ABOVE: Ominous shelf cloud over downtown precedes Wednesday's storm (click to enlarge).

CHARLESTON, WV - For one of the first storm events of the 2008 chase season, March 19 didn't turn out all that disappointing. Thanks to just an hour of late afternoon sunshine, the atmosphere in the Charleston area destabilized enough to allow an incoming line of storms to suddenly intensify past severe limits over downtown. Today's local 'chase' of this event took me first to Dunbar, where I observed the initially weakening line of storms (more accurately 'showers', as I saw no lightning) from the hilltop in Grandview cemetery. The impressive arcus/shelf cloud formations were already taking shape here. In the first photo below, the WVAH TV tower is visible in the distance (this is the tower site where I've been heading in recent years to catch upward lightning strikes).

Storms approaching Dunbar, WV Storms approaching Dunbar, WV Storms approaching Dunbar, WV

The southern sections of the squall line seemed more intense than what was about to hit the Dunbar area, and there was a little bit of lightning left there - so I decided to head back to Charleston ahead of it.
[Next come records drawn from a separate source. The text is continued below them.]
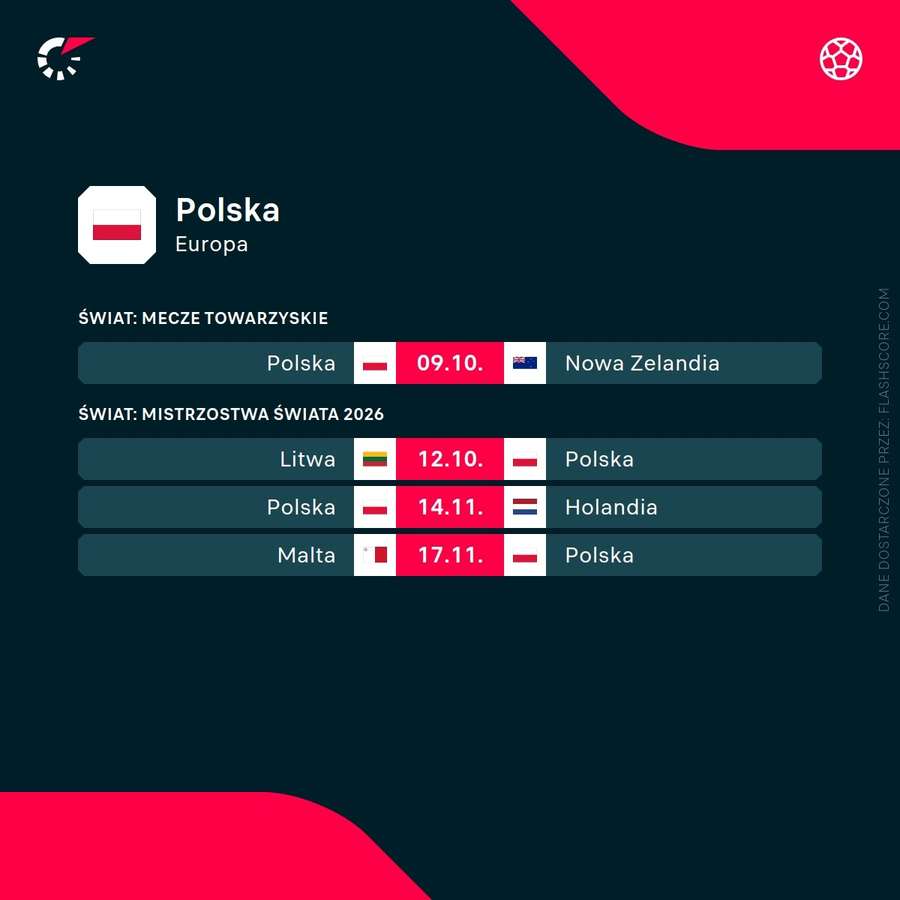 Najbliższe mecze reprezentacji Polski Najbliższe mecze reprezentacji Polski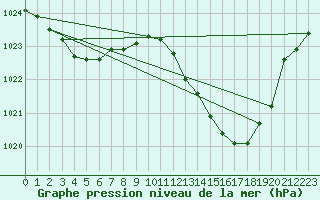 Courbe de la pression atmosphrique pour Albi (81)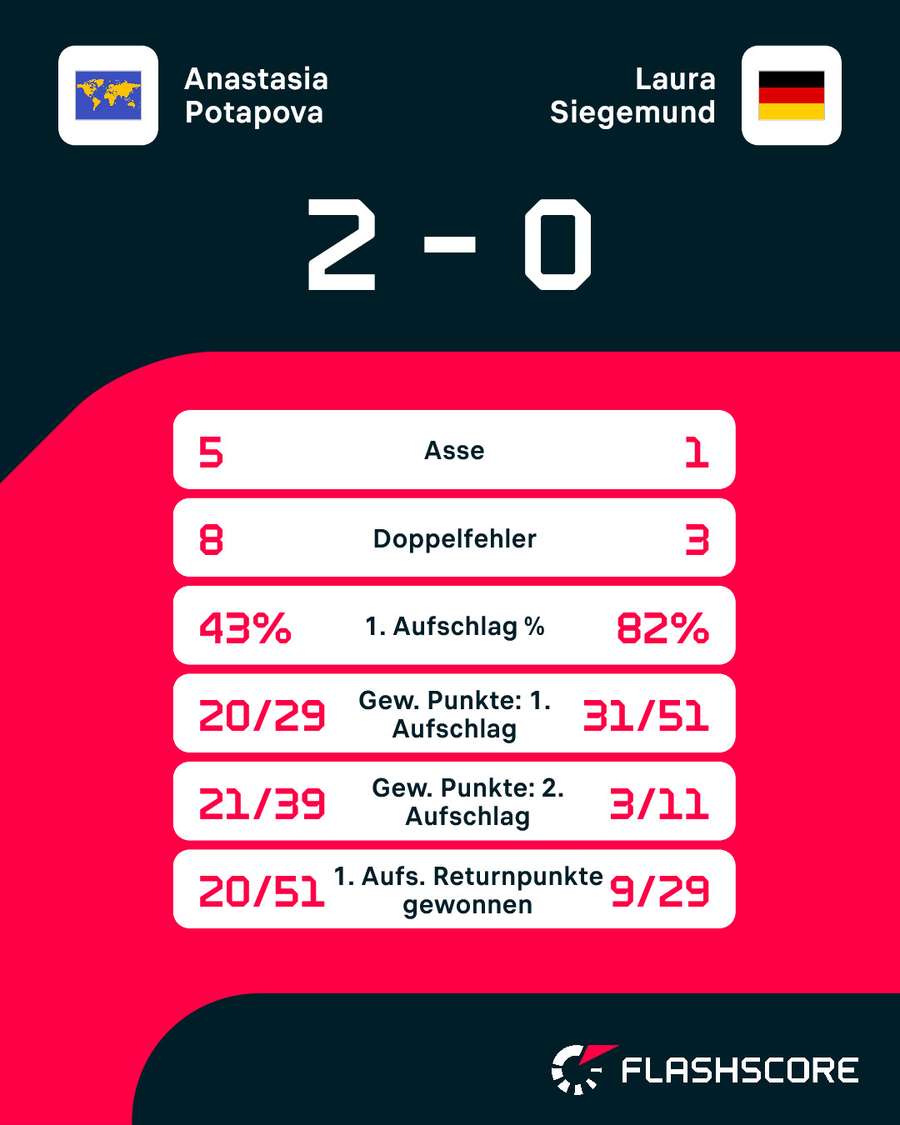 Statistiken: Potapova vs. Siegemund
The shelf cloud formations coming into Charleston were quite dramatic as they loomed to the west. I stopped at Greenbrier Street to grab a few shots of these features moving in over downtown:

Storms approach downtown Charleston, WV Storms approach downtown Charleston, WV Storms approach downtown Charleston, WV Storms approach downtown Charleston, WV

Storms approach downtown Charleston, WV Storms approach downtown Charleston, WV Storms approach downtown Charleston, WV

Radar showed convection pulsing in intensity just to the south, on course to move over Kanawha City. I drove to the Cambpell's Creek area to watch this activity approach. As I did, the section of the line over Charleston became dominant, at which time I turned around. The precip onset was sudden and intense. Yeager Airport showed 53mph sustained winds with a gust to 84mph as the line hit.

Radar image at time of storm

That kind of wind can easily produce damage, so I headed back towards the airport vicinity to see what I could find in the swath of the storm. I found some extensive tree damage in a very compact area along Coonskin Drive, just east of the airport runway. Although the damage path was very narrow and I found a tree trunk snapped off halfway up, the debris pattern did not look indicative of a tornado. Furthermore, there was no damage at all that I could see in the woods on the other side of Coonskin Drive that would indicate a tornado track. Most likely an intense gust of straight-line winds descended the runway embankment and struck the row of trees at the base of the hill. More tree and power line damage was reported in Clendenin and Pinch.